McLafferty v. Deutsche Lufthansa A.G. et al. (E.D. Pa. Oct. 16, 2009).  In her class action complaint, the plaintiff alleged that Lufthansa, Air France, KLM and Alitalia had engaged in price fixing in violation of the Sherman Act.  She alleged that, at a 2003 IATA meeting, the airlines agreed to impose surcharges on fares for passenger travel between Europe and Japan.

At the court’s direction, the parties briefed the issue of whether the Foreign Trade Antitrust Improvements Act of 1982, which amended the Sherman Act, excluded the case from the subject matter jurisdiction of the federal courts.

The FTAIA amended the Sherman Act by excluding certain conduct involving trade or commerce with foreign nations from federal courts’ subject matter jurisdiction.  In cases involving alleged restraints on commerce with foreign nations, the court first determines if the defendants’ conduct involved “trade or commerce (other than import trade or import commerce) with foreign nations.”  If so, the court does not have subject matter jurisdiction unless the defendants’ conduct involved a “direct, substantial, and reasonably foreseeable” anticompetitive effect on U.S. commerce that would result in a Sherman Act claim.

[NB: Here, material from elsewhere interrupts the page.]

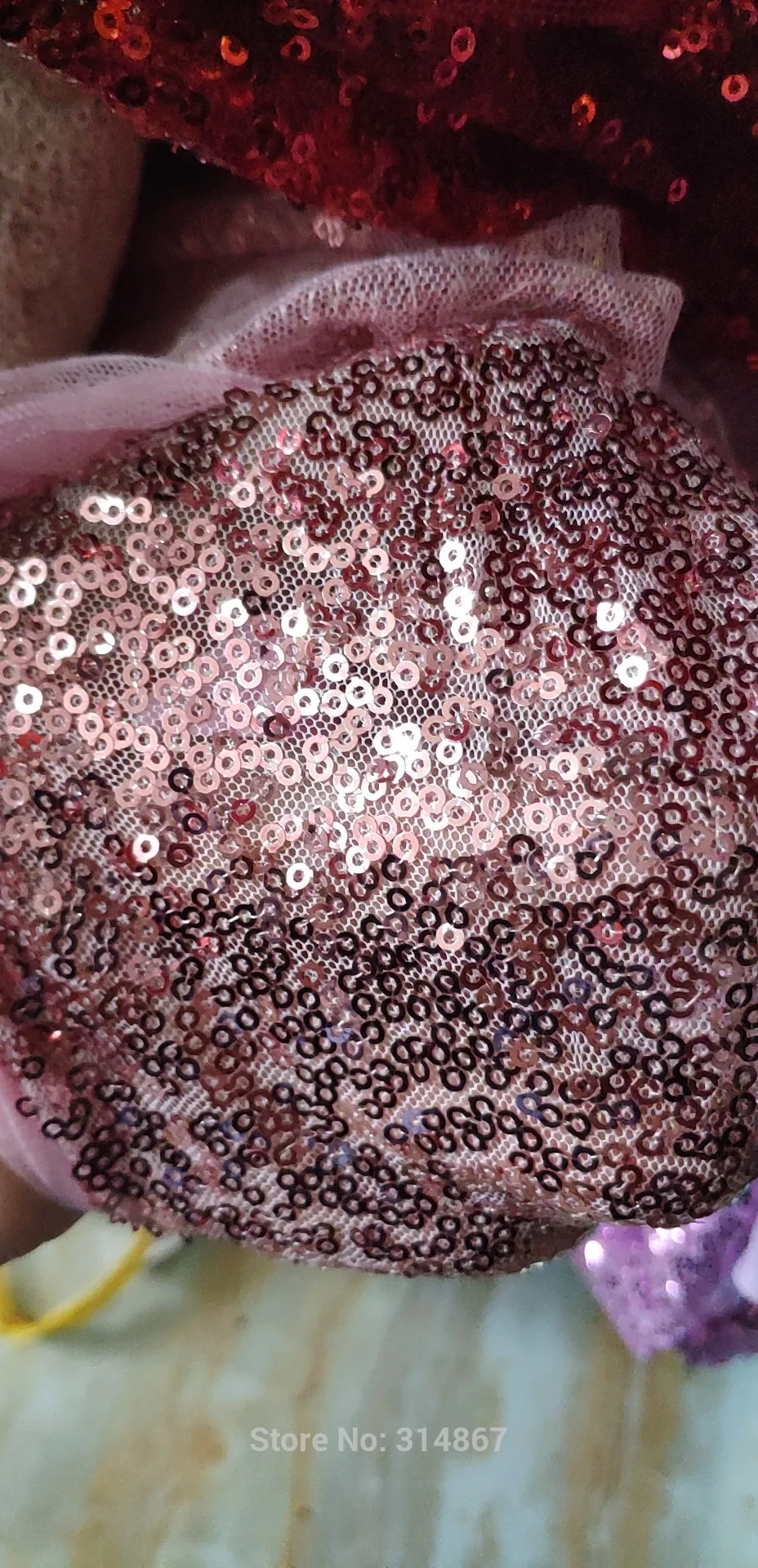 Rose gold Skyyue Коктейльное Платье милое расшитое блестками Мини коктейльные платья для размера плюс, женское прямое платье с рукавом до локтя, коктейльное платье YM045 - Цвет: Rose gold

The court held that the defendants’ conduct involved “trade or commerce with foreign nations” because they had sold tickets to a U.S. purchaser for foreign travel, but that such purchases did not constitute “import trade or import commerce” because they did not “bring any goods or services to the United States.”  The court ruled that an airline ticket, even if it is delivered in the U.S., is not a “good” because it has no value apart from the service to which its bearer is entitled.

Thus, the plaintiff’s last chance to escape the FTAIA’s jurisdictional bar was to show that she had made sufficient allegations that defendants’ conduct had a direct, substantial and reasonably foreseeable anticompetitive effect on U.S. commerce.  The court held that the plaintiff’s pleadings did not even suggest that the defendants’ conduct had such an effect, that the plaintiff’s injury was in the Europe-Japan fare market and that such injury did not directly affect U.S. commerce.  Accordingly, the court dismissed the case on the grounds that the FTAIA had removed it from the court’s subject matter jurisdiction.

ATPCO not liable to Alitalia for fare coding mistake

September 9, 2008

Alitalia Linee Aeree Italiane, S.p.A. v. Airline Tariff Publishing Company (S.D.N.Y. Sept. 5, 2008).  ATPCO serves airlines by collecting and distributing their fare data.  Over 500 airlines throughout the world send fare data to ATPCO, which electronically distributes such data to global distribution systems (such as Sabre, Amadeus/System One, Worldspan and Galileo) and computer reservation systems.  ATPCO is owned by 24 domestic and foreign airlines and the company and its predecessor entities have been in existence since 1945.

In 1986, Alitalia and ATPCO entered into a written agreement that governed ATPCO’s provision of fare data services to the airline.  That agreement contained a clause in which ATPCO disclaimed liability for consequential damages resulting from any error made in incorporating or distributing Alitalia’s fare data.  The agreement also contained ATPCO’s agreement to act as Alitalia’s “agent” for purposes of incorporating and distributing the airline’s fare data.

Early in February 2004, Alitalia sent a fax to ATPCO setting forth instructions for reducing fares during the airline’s “low season” (February 21 through April 4).  In entering the fare information into ATPCO’s database, an ATPCO employee made a coding mistake (typing the number “41” rather than “40” into a certain field) that resulted in the reduced fares being entered without any date restriction.  ATPCO then distributed the erroneous fare data to the participating global distribution systems and computer reservation systems.  Three days later, the mistake was caught and corrected, but not before numerous happy customers had bought Alitalia tickets at heavily, and mistakenly, discounted fares.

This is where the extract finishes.